Pada hakikatnya penulis mengarahkan Langkah-langkah yang dijadikan pokok permasalahan dalam pembuatan makalah ini agar sasaran yang hendak dicapai dapat terwujud. Pokok permasalahan tersebut yaitu Bagaimana cara untuk menyiapkan dan mengetahui sosok guru di masa mendatang.

C.    Tujuan penulisan
Tujuan penulisan makalah ini adalah untuk memenuhi salah satu tugas mata kuliah Psikologi Pendidikan.






BAB II
PEMBAHASAN
A.    Pengertian
          Guru masa depan adalah guru bertindak sebagai fasilitator; pelindung; pembimbing dan punya figur yang baik (disiplin, loyal, bertanggung jawab, kreatif, melayani sesuai dengan visi, misi yang diinginkan sekolah); termotivasi menyediakan pengalaman belajar bermakna untuk mengalami perubahan belajar berdasarkan keterampilan yang dimiliki siswa dengan berfokus menjadikan kelas yang konduktif secara intelektual fisik dan sosial untuk belajar; menguasai materi, kelas, dan teknologi; punya sikap berciri khas "The Habits for Highly Effective People" dan "Quantum Teaching" serta pendekatan humanis terhadap siswa; Guru menguasai komputer, bahasa, dan psikologi mengajar untuk diterapkan di kelas secara proporsional. Diberlakukan skema rewards dan penegakan disiplin yang humanis terhadap guru dan karyawan.

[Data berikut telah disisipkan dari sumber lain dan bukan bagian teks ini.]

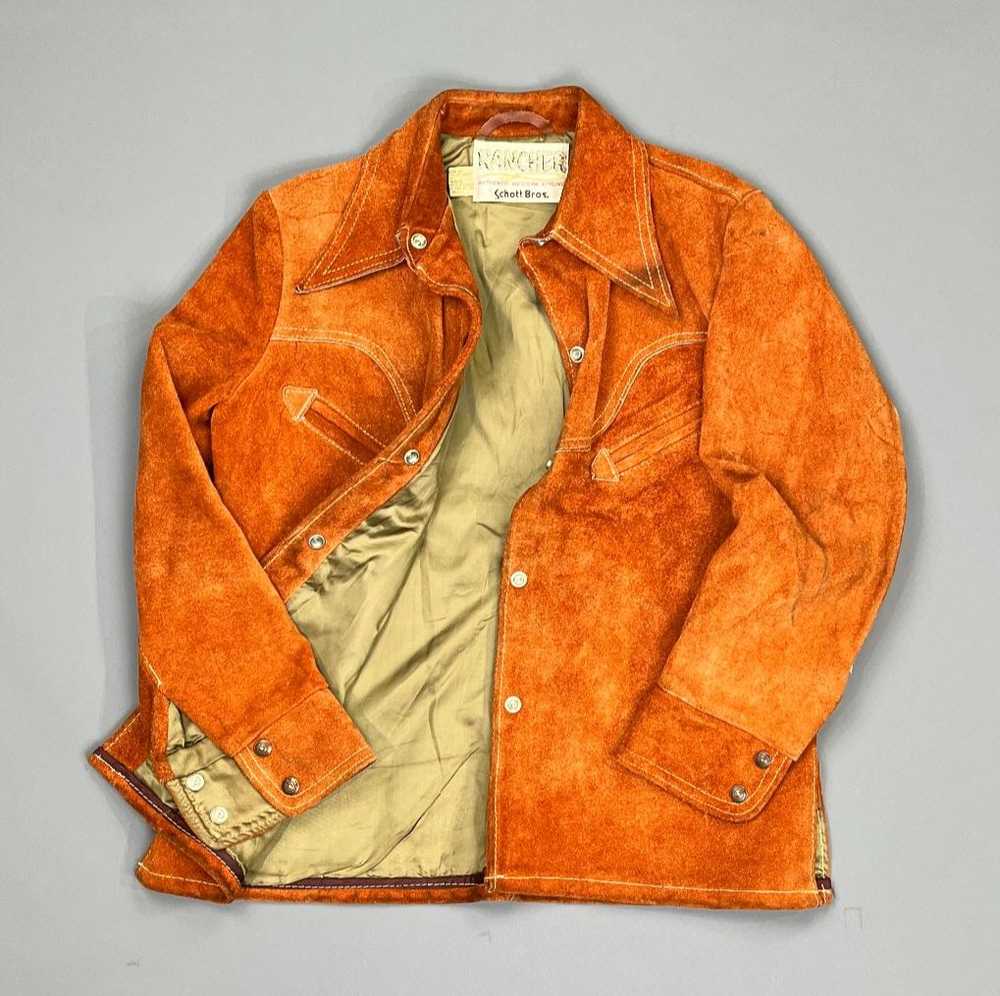KILLER LATE 1970S SUEDE WESTERN RANCHER JACKET CO… - image 1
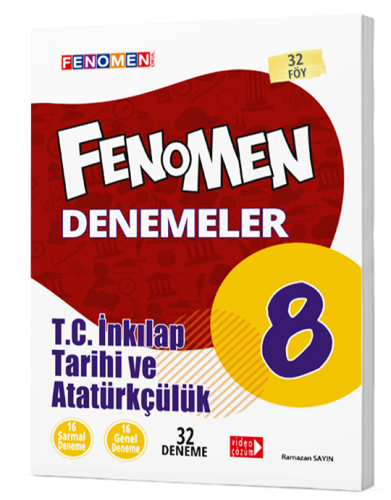 Fenomen Okul 8. Sınıf Fenomen T.C. İnkılap Tarihi ve Atatürkçülük Dene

B.     Sosok  Guru Di Masa Depan
          Guru sebenarnya merupakan sosok yang berada di masa depan. Proses pembelajaran yang dilakukan sekarang merupakan bentuk masa depan yang dibawa siswa ketika dewasa. Sosok guru saat ini adalah sosok siswa masa depan. Untuk itu, guru perlu dengan kekuatan batinnya mengajar dengan nuansa masa depan agar siswa benar-benar siap menghadapi masa depannya.
          Masa depan tidaklah terpisah dengan masa sekarang karena masa depan sebenarnya merupakan bentuk keberlangsungan dari masa sekarang. Berikut momen sebagai tanda mengenali masa depan. Pertama, jika masa sekarang informasi teknologi begitu cepat, banyak, padat, dan menjangkau, masa depan informasi teknologi itu akan semakin cepat dan lumrah. Ke depan, informasi teknologi menjadi kebiasaan hidup yang permanen dan primer. Kedua, saat ini, nilai kemanusiawian begitu penting setelah ditemukannya banyak variasi obat, variasi kepedulian diri, variasi penghancur manusia, dan variasi yang lainnya. Masa depan berarti, nilai kemanusiawian menjadi prasyarat utama dalam menjalani kehidupan. Ketiga, kepraktisan saat ini menjadi idola bagi manusia yang ditandai oleh kebiasaan instan, cepat, mudah, murah, baik, dan lancar. Untuk itu, masa depan dunia akan diwarnai budaya serba cepat dan manusia ingin lebih praktis lagi.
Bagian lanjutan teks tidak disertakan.